Illustration by Alex Castro / The Verge
IBM has returned to the facial recognition market — just three years after announcing it was abandoning work on the technology due to concerns about racial profiling, mass surveillance, and other human rights violations.
In June 2020, as Black Lives Matter protests swept the US after George Floyd’s murder, IBM chief executive Arvind Krishna wrote a letter to Congress announcing that the company would no longer offer “general purpose” facial recognition technology. “The fight against racism is as urgent as ever,” he wrote. “IBM firmly opposes and will not condone uses of any technology, including facial recognition technology offered by other vendors, for mass surveillance, racial profiling, violations of basic human rights and freedoms, or any purpose which is not consistent with our values and Principles of Trust and Transparency.” Later that year, the company redoubled its commitment, calling for US export controls to address concerns that facial recognition could be used overseas “to suppress dissent, to infringe on the rights of minorities, or to erase basic expectations of privacy.”
Despite these announcements, last month, IBM signed a $69.8 million (£54.7 million) contract with the British government to develop a national biometrics platform that will offer a facial recognition function to immigration and law enforcement officials, according to documents reviewed by The Verge and Liberty Investigates, an investigative journalism unit in the UK.
A contract notice for the Home Office Biometrics Matcher Platform outlines how the project initially involves developing a fingerprint matching capability, while later stages introduce facial recognition for immigration purposes — described as “an enabler for strategic facial matching for law enforcement.” The final stage of the project is described as delivery of a “facial matching for law enforcement use-case.”
The platform will allow photos of individuals to be matched against images stored on a database — what is sometimes known as a “one-to-many” matching system. In September 2020, IBM described such “one-to-many” matching systems as “the type of facial recognition technology most likely to be used for mass surveillance, racial profiling, or other violations of human rights.”
IBM spokesman Imtiaz Mufti denied that its work on the contract was in conflict with its 2020 commitments. “IBM no longer offers general-purpose facial recognition and, consistent with our 2020 commitment, does not support the use of facial recognition for mass surveillance, racial profiling, or other human rights violations,” he said.
“The Home Office Biometrics Matcher Platform and associated Services contract is not used in mass surveillance. It supports police and immigration services in identifying suspects against a database of fingerprint and photo data.
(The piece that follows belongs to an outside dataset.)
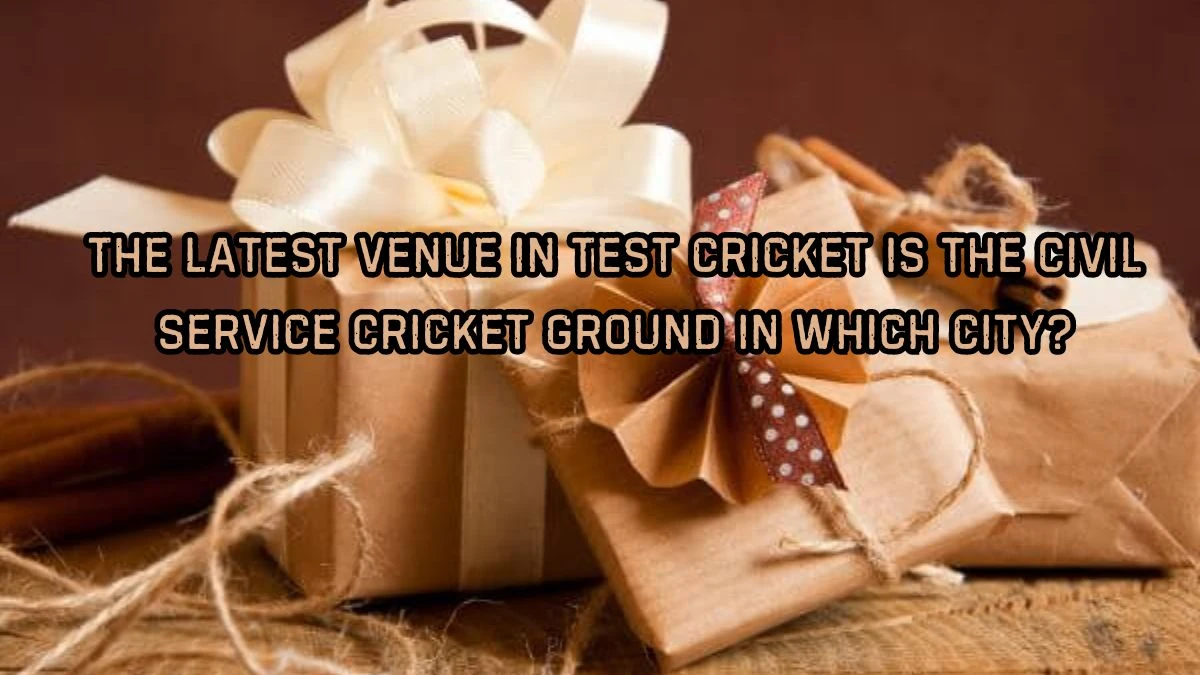 The latest venue in Test cricket is the Civil Service Cricket Ground in which city? Amazon Quiz Answer Today September 12, 2024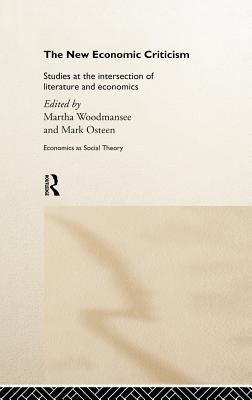 New Economic Criticism Studies at the Interface of Literature and Economics  1999 9780415149440 Front Cover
It is not capable of video ingest, which would typically be needed to support face-in-a-crowd biometric usage.”
Human rights campaigners, however, said IBM’s work on the project is incompatible with its 2020 commitments. Kojo Kyerewaa of Black Lives Matter UK said: “IBM has shown itself willing to step over the body and memory of George Floyd to chase a Home Office contract. This won’t be forgotten.”
Matt Mahmoudi, PhD, tech researcher at Amnesty International, said: “The research across the globe is clear; there is no application of one-to-many facial recognition that is compatible with human rights law, and companies — including IBM — must therefore cease its sale, and honor their earlier statements to sunset these tools, even and especially in the context of law and immigration enforcement where the rights implications are compounding.”
Police use of facial recognition has been linked to wrongful arrests in the US and has been challenged in the UK courts. In 2019, an independent report on the London Metropolitan Police Service’s use of live facial recognition found there was no “explicit legal basis” for the force’s use of the technology and raised concerns that it may have breached human rights law. In August of the following year, the UK’s Court of Appeal ruled that South Wales Police’s use of facial recognition technology breached privacy rights and broke equality laws. The force paused its use of facial recognition after the verdict but has since resumed using the technology.
Other tech firms have imposed partial bans on the use of their facial recognition services for law enforcement. In the days after IBM declared its plans to leave the facial recognition sector, Amazon and Microsoft both announced moratoriums on the sale of their facial recognition services to police departments in the US.
Amazon initially announced a one-year moratorium on police use of its Rekognition software in June 2020 and said it would be extending the ban “indefinitely” the following year. A spokeswoman for the company confirmed that the moratorium, which prohibits “use of Amazon Rekognition’s face comparison feature by police departments in connection with criminal investigations,” is still in place.
Microsoft said in June 2020 that it would not sell facial recognition software to US police departments until a national law is introduced governing use of the technology. When contacted by The Verge and Liberty Investigates, a spokeswoman for Microsoft referred to the company’s website, which states that use of the Azure AI Face service “by or for state or local police in the US is prohibited by Microsoft policy.”
The UK Home Office did not respond to a request for comment.